However, many kinds of ceramic materials such as MgCr₂O₄-TiO₂ [2], ZnCr₂O₄-ZnO [3], La₂O₃-TiO₂ [4]…, have been investigated for this application because they are sintered form improve physical, chemical and thermal stable properties [5].

The adsorption of water vapor enhances the surface electrical conductivity (impedance, capacitance, resistance) of ceramic metal oxides [6]. However, the humidity sensors normally exposed not only to water vapor, but to atmospheres containing various other components tend to lose their inherent humidity-sensitive properties during use due to several complicated physical and chemical processes between these components and various materials.

The problems of irreversible response due to chemisorbed water and deterioration due to adhesion of dust, dirt, oil, etc. remain unsolved, and make a new way of competition in material developing research. Whatever, the most promising approach seems to be to find a ceramic material with surface resistivity reversibly responsive to relative humidity (RH), which is not easily changed by repeated water vapor adsorption-desorption cycles and repeated heat-cleaning cycles at high temperatures, and selective to water vapor molecules.

Magnesium titanate MgTiO₃ ilmenite structure, is known as a compound for type I ceramic capacitors [7,8], and which have important applications in microwave communication systems [9]. Nevertheless, sintered ceramic disks MgTiO₃ with LiF additive have shown recently sensitivity to humidity [10]. A study of the sensitivity of MgTiO₃-LiF porous ceramic materials is carried out in this paper.

2. Experimental Part

2.1. Experimental Procedure

MgTiO₃ powder with stoechiometry Mg/Ti = 1.025 was synthesized by the classical solid-state route [11]. The starting powders (MgO Cerac 99%, TiO₂ Prolabo 99%) were mixed together for one hour in demineralised water by attrition milling (Dyno Mill KDLA, BACHOFEN, Switzerland) using 0.8 mm diameter yttried stabilized zircon balls (YTZ grinding media TOSOH).

The powder mixture was then calcined in air at 1000˚C for one hour in order to form the ilmenite phase.

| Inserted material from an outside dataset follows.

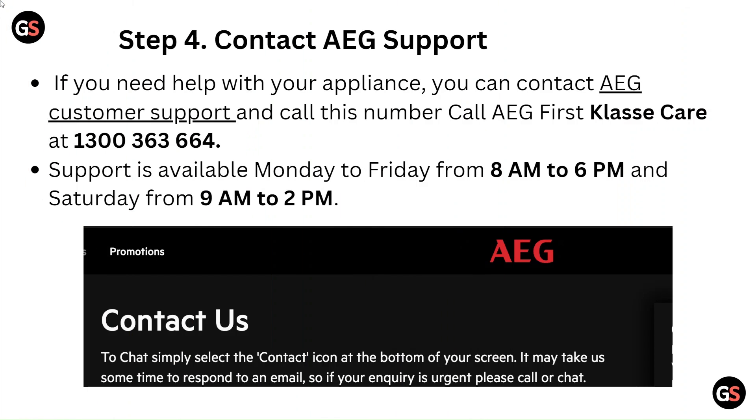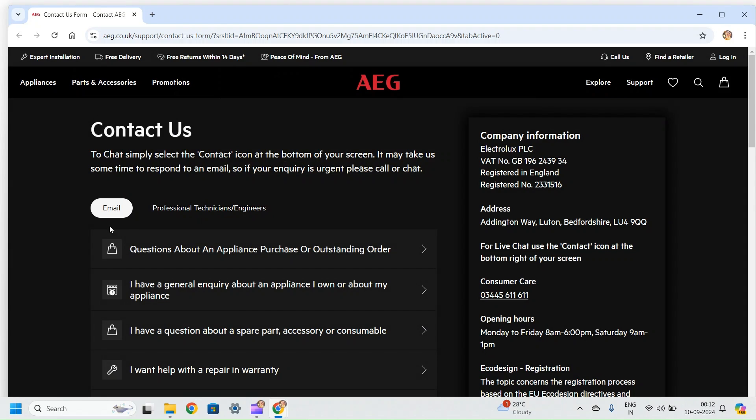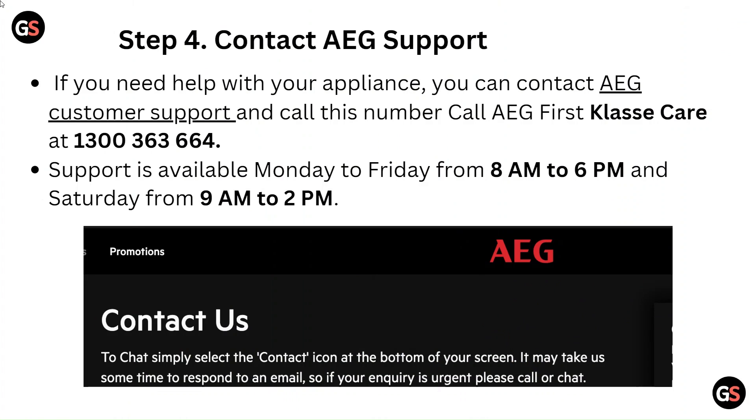Step 4: Contact AEG support. If you need help with your appliance, you can contact AEG customer support and call AEG First Classic Care at 1300 363 664. Support is available Monday to Friday from 8am to 6pm, and Saturday from 9am to 2pm.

The phase formation was noticed by X-ray diffraction. The diffraction patterns were collected using a SIEMENS D 5005 diffractometer with CuKα (λ = 1.5405Å), in the range 15˚ - 85˚ (2θ)).

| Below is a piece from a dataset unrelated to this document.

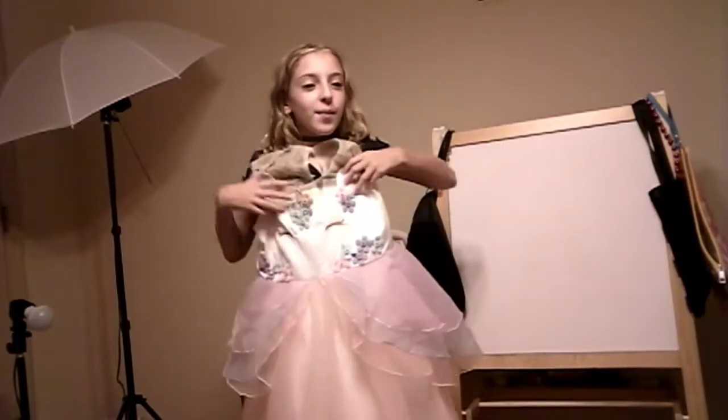I hope you guys enjoyed my Halloween costume tour. Make sure to give this video a thumbs up, subscribe, and hit the bell notifications button so you can be notified when we upload new videos. And... Toodles!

After calcinations, LiF was added and the powders were milled in a planetary agitator (Pulverisette FRITCH with agate bawl and balls). Three compositions are prepared by mixing 1%, 2% and 5% LiF (w/w) with the prepared MgTiO₃ (respectively called ML1, ML2 and ML5). The 1% by mass of lithium fluoride compound corresponds to 4.97% (as molar percentage).

The different compositions were pressed at 2000 kg∙cm⁻² (at a pressure of 74 MPa) to obtain disks 25 mm in diameter and around 2 mm thick. Densification behavior was studied by dilatometric measurements performed in air on TMA92 SETARAM dilatometer, with 300˚C∙h⁻¹ heating and 1200˚C∙h⁻¹ cooling rates. The disks were fired in air at different temperatures, with 150˚C∙h⁻¹ heating and cooling rates and one hour dwell time. Interconnected porosity was measured using MICROMERITICS AutoPore III mercury porosimeters.

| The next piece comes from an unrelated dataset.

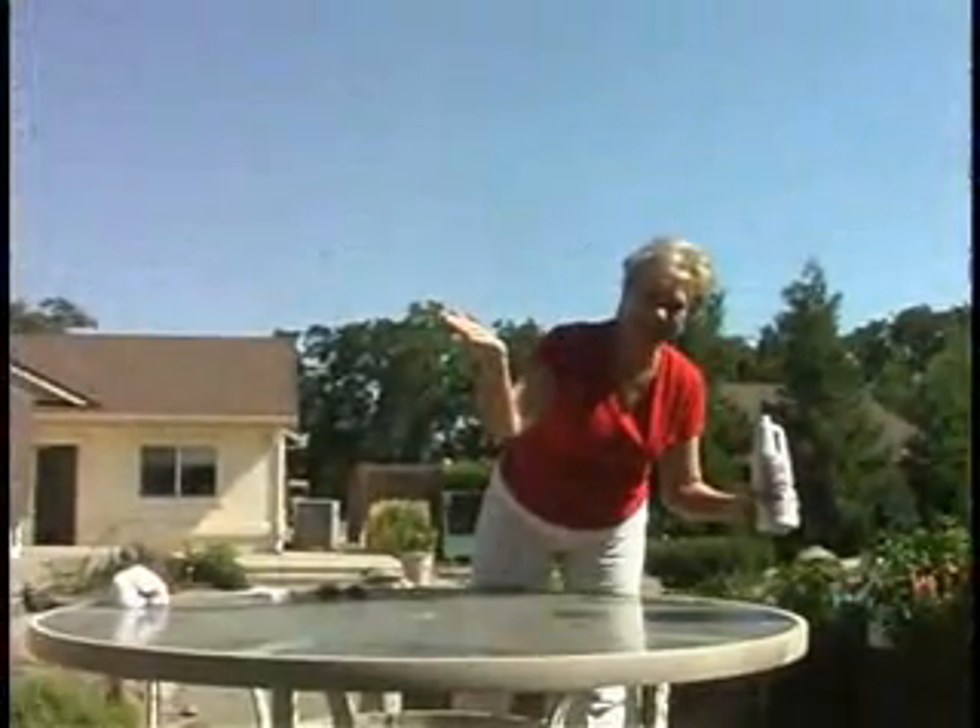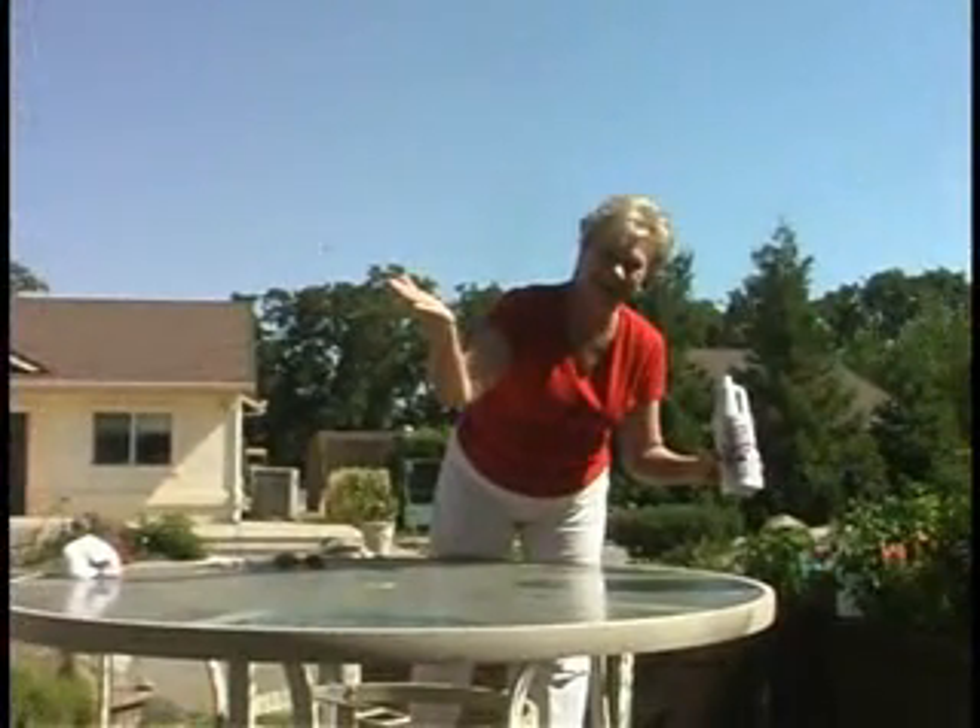Be proud to show off that clean furniture to your friends and family. This is Vicki Lewis, happy cleaning.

2.2. Electrical and Dielectrical Measuring Instruments

After sintering, a design was screen printed (gold ink) on the surface of the samples in order to obtain the outline for the electrical and dielectrical measurements. The length of the electrodes is 16 mm for 1 mm width, with 0.5 mm space between two electrodes.

After screen-printing, the samples were calcined at 850˚C in air for 15 minutes with heating and cooling rates of 400˚C∙h⁻¹. The dielectric and electrical properties of surfaces were characterized by measuring the dependence of capacitance and insulation resistance with the moisture rate in air.

An oven “hot-cold” controlled humidity in a range of 10% to 95% RH and a temperature controller between −50˚C to 100˚C was used (SECASI technologies SLH 100).

The components were characterized by measurements at various frequencies of their capacitance and their insulation resistance as well as by measuring the insulation resistance under continuous electric field.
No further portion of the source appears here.